ASSIGNMENT: In the listing below, the lines from the first through the one with "Cao Thủ Bóng" are to be copied word for word.

DATA PROVIDED:
»»

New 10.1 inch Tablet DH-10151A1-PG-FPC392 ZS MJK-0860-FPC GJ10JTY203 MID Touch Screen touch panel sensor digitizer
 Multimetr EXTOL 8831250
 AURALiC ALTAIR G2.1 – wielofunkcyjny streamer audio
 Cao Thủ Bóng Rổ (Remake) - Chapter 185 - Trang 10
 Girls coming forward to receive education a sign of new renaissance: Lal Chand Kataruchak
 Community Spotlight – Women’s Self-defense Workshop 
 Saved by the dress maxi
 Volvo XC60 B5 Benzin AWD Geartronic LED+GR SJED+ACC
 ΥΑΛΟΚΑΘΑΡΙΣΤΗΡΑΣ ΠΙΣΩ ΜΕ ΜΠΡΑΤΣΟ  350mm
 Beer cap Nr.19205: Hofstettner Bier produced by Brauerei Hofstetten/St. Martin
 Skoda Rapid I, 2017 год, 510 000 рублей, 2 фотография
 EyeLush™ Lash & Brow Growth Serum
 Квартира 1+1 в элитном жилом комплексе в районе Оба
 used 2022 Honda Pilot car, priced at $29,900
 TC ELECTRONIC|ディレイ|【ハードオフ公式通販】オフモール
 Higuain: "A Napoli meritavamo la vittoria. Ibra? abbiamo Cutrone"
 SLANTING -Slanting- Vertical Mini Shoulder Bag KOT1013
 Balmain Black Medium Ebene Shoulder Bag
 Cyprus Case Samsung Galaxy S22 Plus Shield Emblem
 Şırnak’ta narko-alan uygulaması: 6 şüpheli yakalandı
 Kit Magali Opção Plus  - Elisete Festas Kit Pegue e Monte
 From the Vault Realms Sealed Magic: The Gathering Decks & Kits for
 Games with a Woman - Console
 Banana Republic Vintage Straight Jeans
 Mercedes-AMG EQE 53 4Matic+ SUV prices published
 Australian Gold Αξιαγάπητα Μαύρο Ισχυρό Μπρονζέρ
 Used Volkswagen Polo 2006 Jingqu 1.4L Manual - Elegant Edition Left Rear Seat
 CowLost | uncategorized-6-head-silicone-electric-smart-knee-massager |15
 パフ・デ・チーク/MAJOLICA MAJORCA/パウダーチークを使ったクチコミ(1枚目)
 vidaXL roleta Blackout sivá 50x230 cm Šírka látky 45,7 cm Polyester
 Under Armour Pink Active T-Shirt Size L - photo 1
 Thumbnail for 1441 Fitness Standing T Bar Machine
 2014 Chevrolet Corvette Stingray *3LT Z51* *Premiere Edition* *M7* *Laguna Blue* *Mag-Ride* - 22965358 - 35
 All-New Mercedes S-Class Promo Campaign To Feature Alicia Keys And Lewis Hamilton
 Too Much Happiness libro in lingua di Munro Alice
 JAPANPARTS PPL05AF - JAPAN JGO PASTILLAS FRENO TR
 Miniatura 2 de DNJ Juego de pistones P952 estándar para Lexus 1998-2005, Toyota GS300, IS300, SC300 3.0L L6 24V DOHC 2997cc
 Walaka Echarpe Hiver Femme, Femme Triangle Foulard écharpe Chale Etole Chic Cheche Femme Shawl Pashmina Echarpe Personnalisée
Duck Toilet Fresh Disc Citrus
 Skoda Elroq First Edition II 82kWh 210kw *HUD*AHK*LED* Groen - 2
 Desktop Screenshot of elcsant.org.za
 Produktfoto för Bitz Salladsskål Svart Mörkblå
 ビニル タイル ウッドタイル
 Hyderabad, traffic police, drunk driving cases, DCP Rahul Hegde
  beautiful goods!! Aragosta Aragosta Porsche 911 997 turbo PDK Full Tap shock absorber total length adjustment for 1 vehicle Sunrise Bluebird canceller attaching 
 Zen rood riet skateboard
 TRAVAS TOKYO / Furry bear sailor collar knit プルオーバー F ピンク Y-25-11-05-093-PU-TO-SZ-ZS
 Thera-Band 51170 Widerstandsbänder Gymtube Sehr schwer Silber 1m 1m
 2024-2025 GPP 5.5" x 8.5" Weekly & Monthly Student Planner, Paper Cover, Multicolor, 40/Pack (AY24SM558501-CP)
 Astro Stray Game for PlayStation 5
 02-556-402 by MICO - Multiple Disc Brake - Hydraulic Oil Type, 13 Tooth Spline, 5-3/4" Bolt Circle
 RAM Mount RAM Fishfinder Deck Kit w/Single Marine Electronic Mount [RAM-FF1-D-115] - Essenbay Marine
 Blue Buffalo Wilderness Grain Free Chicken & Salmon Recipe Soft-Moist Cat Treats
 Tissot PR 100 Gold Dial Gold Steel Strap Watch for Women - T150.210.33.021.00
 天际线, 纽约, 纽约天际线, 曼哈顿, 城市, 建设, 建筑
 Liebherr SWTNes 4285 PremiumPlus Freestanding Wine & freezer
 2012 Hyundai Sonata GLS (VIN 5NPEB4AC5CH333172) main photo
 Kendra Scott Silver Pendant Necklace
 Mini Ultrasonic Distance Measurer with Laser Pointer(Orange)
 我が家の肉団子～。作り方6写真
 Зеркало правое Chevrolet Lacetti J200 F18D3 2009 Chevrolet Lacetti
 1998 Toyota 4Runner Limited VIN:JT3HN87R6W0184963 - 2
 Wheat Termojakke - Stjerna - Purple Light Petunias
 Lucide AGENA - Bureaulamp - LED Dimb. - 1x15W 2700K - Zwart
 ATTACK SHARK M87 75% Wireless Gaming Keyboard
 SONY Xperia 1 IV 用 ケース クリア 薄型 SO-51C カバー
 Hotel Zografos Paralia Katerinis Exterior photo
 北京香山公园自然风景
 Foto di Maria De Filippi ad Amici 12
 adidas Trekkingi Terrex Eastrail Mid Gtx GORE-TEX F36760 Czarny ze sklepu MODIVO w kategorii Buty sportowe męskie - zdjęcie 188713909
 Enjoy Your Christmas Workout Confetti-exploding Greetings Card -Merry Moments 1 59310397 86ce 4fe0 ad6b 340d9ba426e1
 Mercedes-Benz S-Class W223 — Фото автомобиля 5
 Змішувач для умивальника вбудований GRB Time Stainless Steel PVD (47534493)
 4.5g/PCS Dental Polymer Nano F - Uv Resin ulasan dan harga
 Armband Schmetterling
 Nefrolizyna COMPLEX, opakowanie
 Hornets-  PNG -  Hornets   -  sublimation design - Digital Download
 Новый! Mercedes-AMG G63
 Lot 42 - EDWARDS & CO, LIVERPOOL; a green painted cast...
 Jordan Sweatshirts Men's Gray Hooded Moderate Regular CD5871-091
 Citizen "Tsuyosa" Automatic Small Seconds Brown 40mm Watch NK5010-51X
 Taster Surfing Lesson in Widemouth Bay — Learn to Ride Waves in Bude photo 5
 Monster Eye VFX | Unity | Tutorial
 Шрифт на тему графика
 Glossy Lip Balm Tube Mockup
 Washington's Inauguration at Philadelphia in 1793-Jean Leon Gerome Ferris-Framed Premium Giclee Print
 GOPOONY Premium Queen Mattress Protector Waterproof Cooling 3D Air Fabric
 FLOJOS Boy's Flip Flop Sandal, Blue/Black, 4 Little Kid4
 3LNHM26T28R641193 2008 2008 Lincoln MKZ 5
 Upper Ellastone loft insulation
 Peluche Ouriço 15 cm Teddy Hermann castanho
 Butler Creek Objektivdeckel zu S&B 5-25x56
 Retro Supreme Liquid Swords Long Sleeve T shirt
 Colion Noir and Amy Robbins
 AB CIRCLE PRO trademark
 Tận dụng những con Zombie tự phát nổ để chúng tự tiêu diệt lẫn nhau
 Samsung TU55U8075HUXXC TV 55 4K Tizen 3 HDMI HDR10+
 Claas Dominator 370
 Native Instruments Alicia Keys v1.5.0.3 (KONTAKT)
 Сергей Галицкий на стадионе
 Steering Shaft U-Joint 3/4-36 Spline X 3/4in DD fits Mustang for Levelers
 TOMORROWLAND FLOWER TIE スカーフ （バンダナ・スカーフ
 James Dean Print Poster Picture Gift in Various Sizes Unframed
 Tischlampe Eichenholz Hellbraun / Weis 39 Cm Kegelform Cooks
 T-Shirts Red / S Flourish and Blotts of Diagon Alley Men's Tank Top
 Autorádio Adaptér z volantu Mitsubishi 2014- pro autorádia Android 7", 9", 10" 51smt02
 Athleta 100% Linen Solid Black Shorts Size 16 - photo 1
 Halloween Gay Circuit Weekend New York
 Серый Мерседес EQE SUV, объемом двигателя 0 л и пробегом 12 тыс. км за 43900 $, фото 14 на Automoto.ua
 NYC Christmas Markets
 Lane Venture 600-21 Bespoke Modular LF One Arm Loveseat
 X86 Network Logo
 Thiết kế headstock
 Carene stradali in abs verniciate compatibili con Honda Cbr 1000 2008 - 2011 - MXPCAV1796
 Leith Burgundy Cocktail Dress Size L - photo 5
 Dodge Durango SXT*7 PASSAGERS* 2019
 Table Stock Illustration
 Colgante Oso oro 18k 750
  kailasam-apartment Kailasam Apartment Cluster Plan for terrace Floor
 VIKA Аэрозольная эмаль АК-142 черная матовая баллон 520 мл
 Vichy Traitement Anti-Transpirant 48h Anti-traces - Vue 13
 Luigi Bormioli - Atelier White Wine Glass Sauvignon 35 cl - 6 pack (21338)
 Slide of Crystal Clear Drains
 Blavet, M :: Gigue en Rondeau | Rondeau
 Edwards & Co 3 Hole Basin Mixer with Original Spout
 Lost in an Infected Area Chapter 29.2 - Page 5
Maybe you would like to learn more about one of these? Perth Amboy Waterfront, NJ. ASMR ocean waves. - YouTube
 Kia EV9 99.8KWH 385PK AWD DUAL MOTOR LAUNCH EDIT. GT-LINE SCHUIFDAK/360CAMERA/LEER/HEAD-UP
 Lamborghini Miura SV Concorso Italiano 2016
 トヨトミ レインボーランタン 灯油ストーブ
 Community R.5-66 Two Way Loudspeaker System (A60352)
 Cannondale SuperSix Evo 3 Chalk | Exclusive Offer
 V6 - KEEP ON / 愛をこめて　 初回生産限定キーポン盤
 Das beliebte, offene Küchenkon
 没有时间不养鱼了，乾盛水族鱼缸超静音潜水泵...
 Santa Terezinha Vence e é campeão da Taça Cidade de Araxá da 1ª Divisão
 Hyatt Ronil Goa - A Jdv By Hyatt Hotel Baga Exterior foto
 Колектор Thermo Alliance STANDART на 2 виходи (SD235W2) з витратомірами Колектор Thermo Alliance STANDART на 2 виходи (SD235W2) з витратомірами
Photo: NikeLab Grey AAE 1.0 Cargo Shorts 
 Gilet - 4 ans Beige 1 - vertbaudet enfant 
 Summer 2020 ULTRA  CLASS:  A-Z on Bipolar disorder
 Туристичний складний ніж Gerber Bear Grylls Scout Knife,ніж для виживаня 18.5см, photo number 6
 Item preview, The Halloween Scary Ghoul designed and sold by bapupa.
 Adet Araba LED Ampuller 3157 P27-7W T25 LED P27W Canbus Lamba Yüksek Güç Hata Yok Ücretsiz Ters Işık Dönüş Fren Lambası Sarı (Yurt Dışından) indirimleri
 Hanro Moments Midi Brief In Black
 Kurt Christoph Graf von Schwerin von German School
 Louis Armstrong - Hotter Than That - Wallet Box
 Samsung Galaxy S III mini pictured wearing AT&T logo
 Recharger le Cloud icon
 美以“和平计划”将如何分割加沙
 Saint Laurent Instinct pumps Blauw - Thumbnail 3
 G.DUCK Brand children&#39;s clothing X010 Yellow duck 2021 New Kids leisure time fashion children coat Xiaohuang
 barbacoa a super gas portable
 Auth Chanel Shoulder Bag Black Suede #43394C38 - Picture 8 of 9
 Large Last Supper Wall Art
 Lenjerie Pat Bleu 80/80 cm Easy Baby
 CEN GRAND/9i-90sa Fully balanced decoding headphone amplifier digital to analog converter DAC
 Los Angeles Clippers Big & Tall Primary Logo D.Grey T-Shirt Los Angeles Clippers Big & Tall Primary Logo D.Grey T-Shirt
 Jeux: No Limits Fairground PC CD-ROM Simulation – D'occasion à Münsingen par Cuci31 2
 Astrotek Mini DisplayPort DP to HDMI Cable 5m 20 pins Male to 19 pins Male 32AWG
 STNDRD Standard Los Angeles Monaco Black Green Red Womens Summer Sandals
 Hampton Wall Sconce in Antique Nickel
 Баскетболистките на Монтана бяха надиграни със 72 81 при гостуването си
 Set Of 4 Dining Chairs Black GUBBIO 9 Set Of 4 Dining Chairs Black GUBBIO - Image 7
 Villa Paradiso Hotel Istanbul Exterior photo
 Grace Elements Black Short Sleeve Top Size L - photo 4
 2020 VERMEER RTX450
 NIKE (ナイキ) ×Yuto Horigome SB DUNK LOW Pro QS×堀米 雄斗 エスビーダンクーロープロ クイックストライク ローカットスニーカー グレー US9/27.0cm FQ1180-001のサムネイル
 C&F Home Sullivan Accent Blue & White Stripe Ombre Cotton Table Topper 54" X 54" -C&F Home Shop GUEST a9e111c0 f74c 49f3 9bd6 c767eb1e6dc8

««

ANSWER SPACE:
New 10.1 inch Tablet DH-10151A1-PG-FPC392 ZS MJK-0860-FPC GJ10JTY203 MID Touch Screen touch panel sensor digitizer
 Multimetr EXTOL 8831250
 AURALiC ALTAIR G2.1 – wielofunkcyjny streamer audio
 Cao Thủ Bóng Rổ (Remake) - Chapter 185 - Trang 10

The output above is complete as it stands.